CN: I started when I was 8 years old. I came home from school, and there was a violin case on my bed. My mother loved the violin, had a friend who could teach it, and she decided that I needed to play the violin.

SN: I started trumpet in fourth grade, but it was too hard to play. I played a baritone horn. When I got to sixth grade, I switched back to trumpet. My father was a high school band director for 30 years, so it was part of the family.

Do you play with other musical ensembles?

CN: We play with Central Florida Symphony Orchestra in Ocala.

SN: We're both freelancers. We play with the Mercersburg (Area Community Chorus) orchestra.

We play with the Shenandoah Performs Orchestra in the summertime for two weeks. I play with the Shenandoah University Faculty Brass Quintet.

How much time do you spend preparing for each performance?

CN: They give you the music a couple weeks ahead of time, and you just go after it.

SN: The practice for the symphony concert is dependent upon the music. You spend however much time it takes for you to get it right.

Do you practice every day? How long?

CN: I'm spending several hours with that instrument a day. (You) practice till you get it right.

SN: Absolutely. I probably spend at least four hours on my instrument every day. I'm playing with my students when I'm teaching.

Do you have a day job?

CN: I teach violin and viola. I have one cello student. I teach them privately through the Arts Academy at Shenandoah University. I conduct the Youth Orchestra and Chamber Orchestra at Shenandoah.

SN: I am a full professor at Shenandoah University. I'm one of three trumpet teachers, and I teach conducting. I'm the Wind Ensemble director for the last 21 years.

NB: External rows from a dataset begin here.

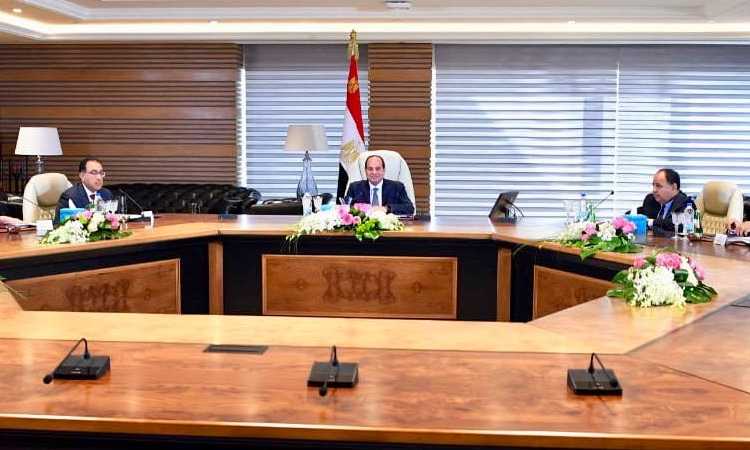 اجتماع الرئيس بوزيرى الصحة والمالية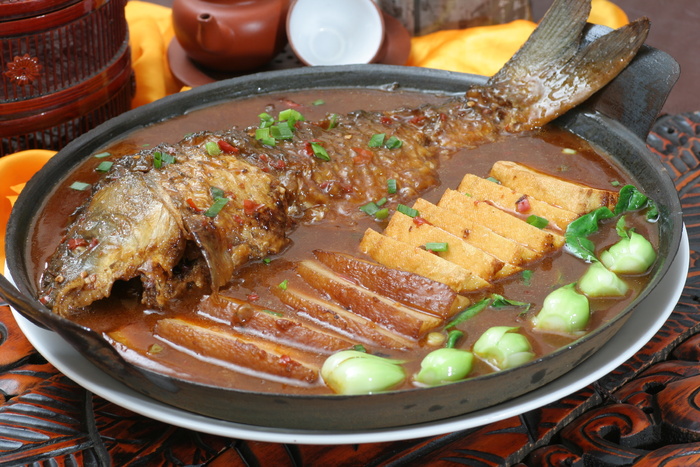 铁锅卤肉焖鱼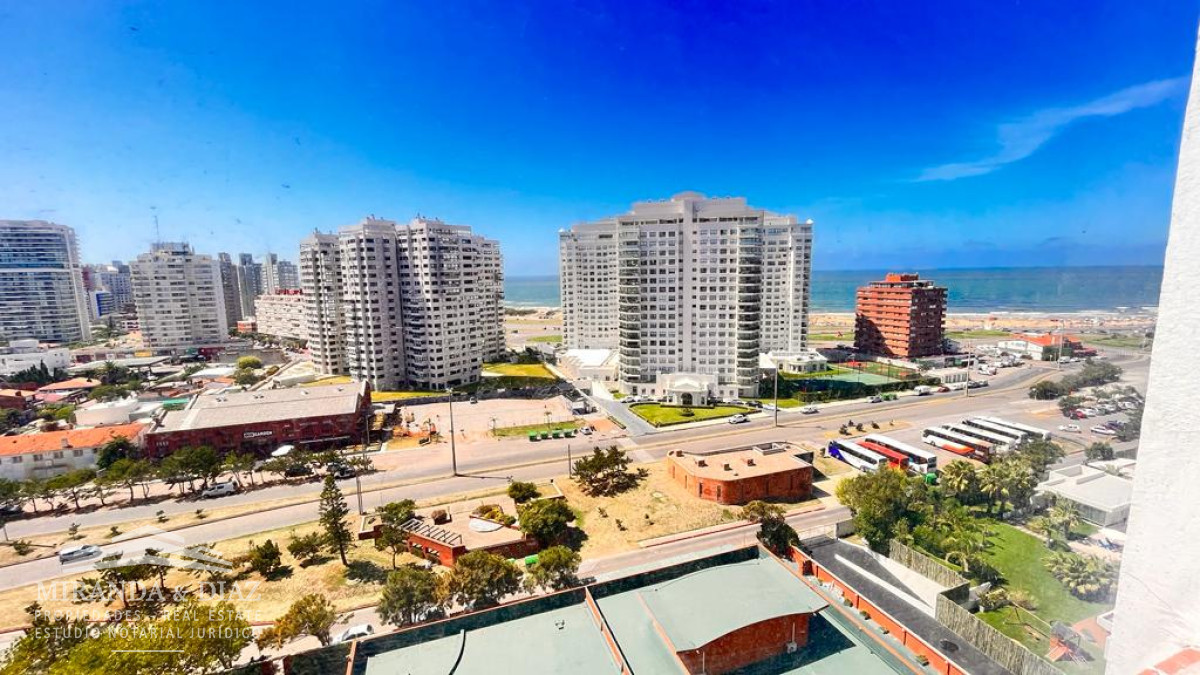 Un dormitorio con vista Playa Brava - MYD666A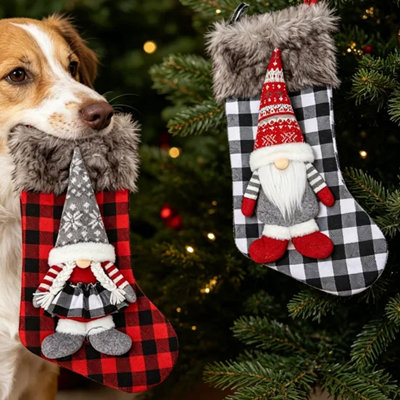 2 pièces de bas de Noël à motif écossais de Noël Buffalo, bas de cheminée en coton 18 pouces avec manchette en fausse peluche, ornements de gnome 3D, sacs-cadeaux à carreaux bonbon pour décoration de maison de vacances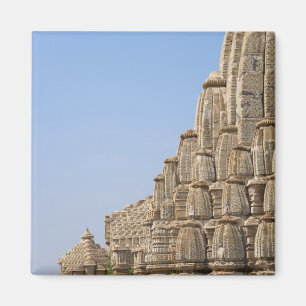 Imán Templo de Jain en el Fuerte de Chittorgarh, India
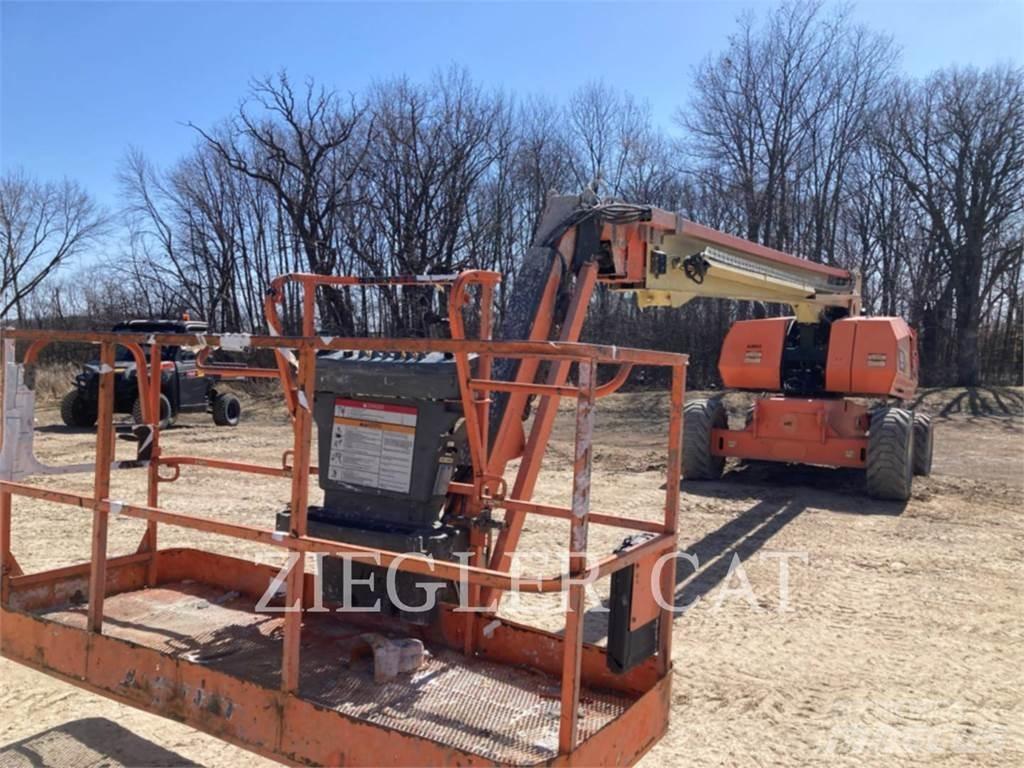 JLG 860SJ Karos emelők
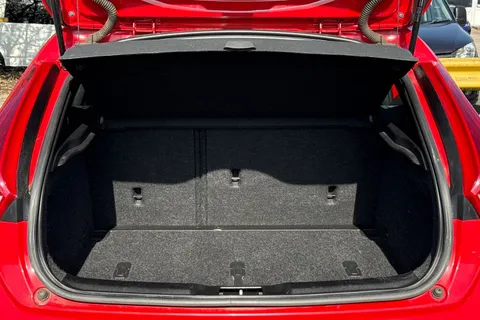 KT68UDH Volvo V40 2.0 D2 Momentum Edition Auto Euro 6 (s/s) 5dr Thumbnail #8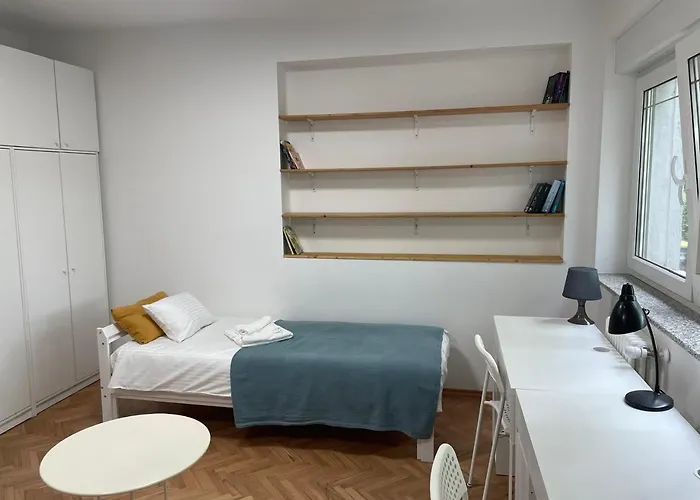 아파트 At The Burkulis'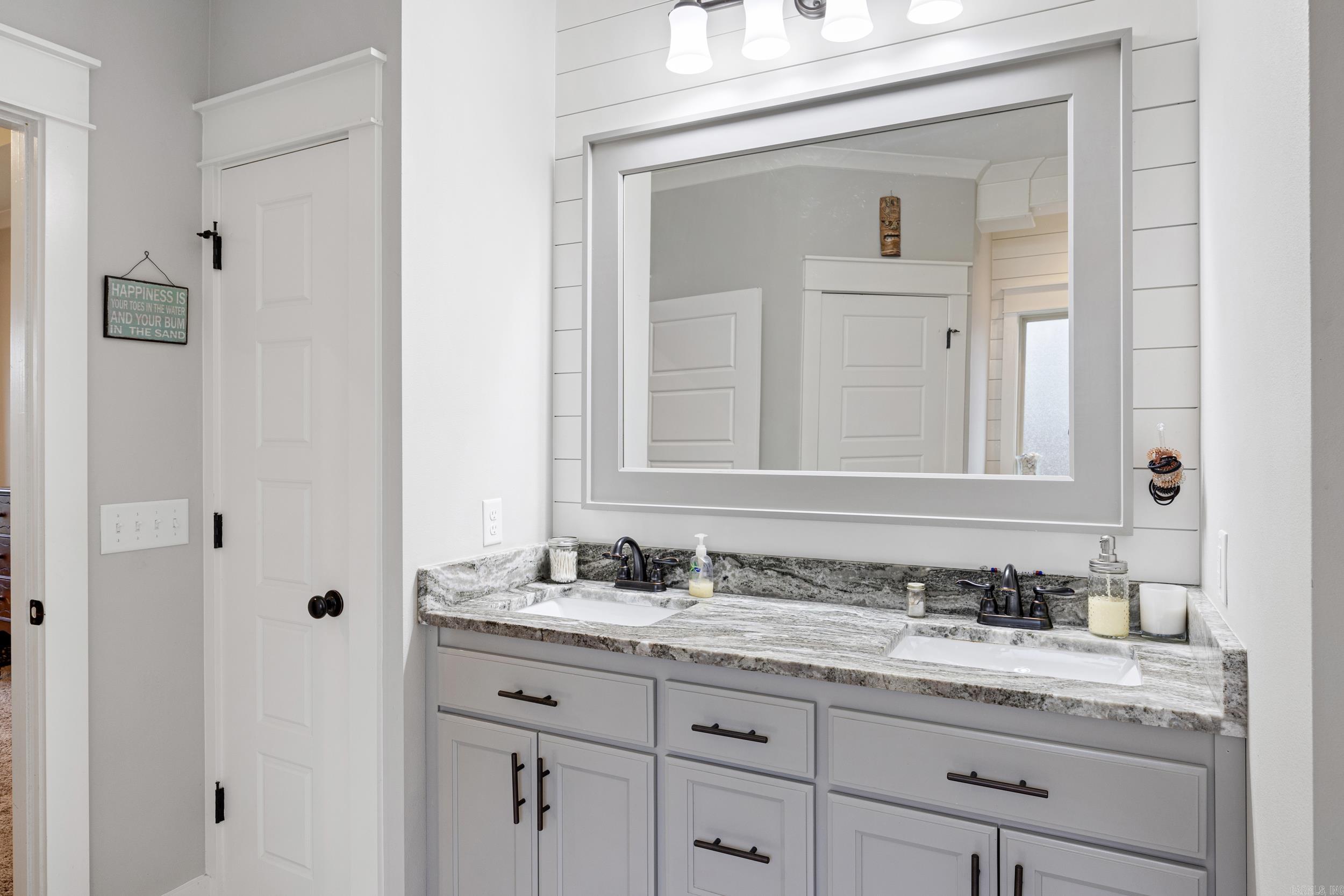 110 Promenade Circle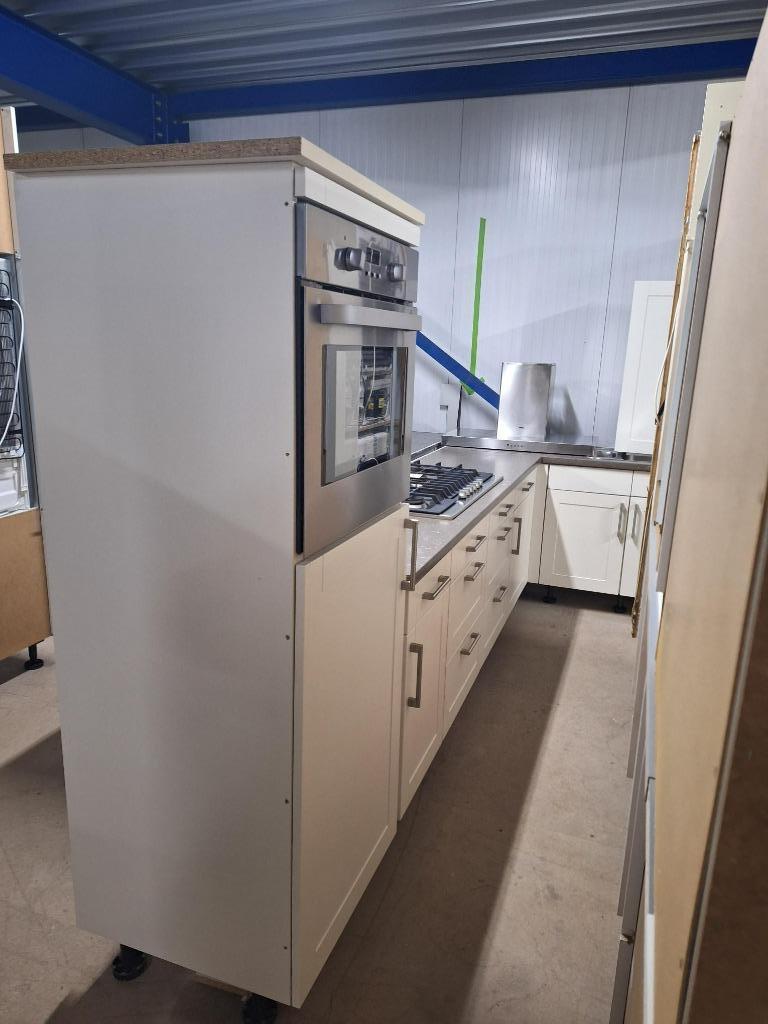 Complete keuken 2836 is nu afgeprijsd van €2999 naar €2299, Ophalen of Verzenden, Zo goed als nieuw, Hoekkeuken, Met kookeiland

Compare playing in the MSO and under Elizabeth Schulze's baton to playing with other orchestras and conductors.

SN: We do it because we love it. We love the people, and we respect Elizabeth's abilities. I feel a little bit like she has learned how to drive -- like we're a new car. When you buy a new car, you've gotta get a little bit used to how the thing works, and she has learned to drive this orchestra very well.

CN: It's just wonderful to get to create music and be passionate about it and get to play with other people that are passionate.

Who's your favorite composer? Do you have a favorite composition?

CN: My favorite is Dvorak probably because I had the privilege of being in the Ohio All-State Orchestra in high school and we played Dvorak's Symphony No. 8 -- the first real symphony that I got to experience.

SN: I really like Mahler symphonies.

What kinds of music do you listen to in your leisure time? What's the last CD you bought?

CN: I really like to listen to Contemporary Christian music. The last CD I bought was by Ralph Vaughn Williams. It's called "Fantasia on a Theme by Thomas Tallis."

SN: I love jazz. I bought a Sean Jones CD.

What's your favorite "nonclassical" piece of music?

CN: I like Michael W. Smith.

SN: I really like the group Fourplay.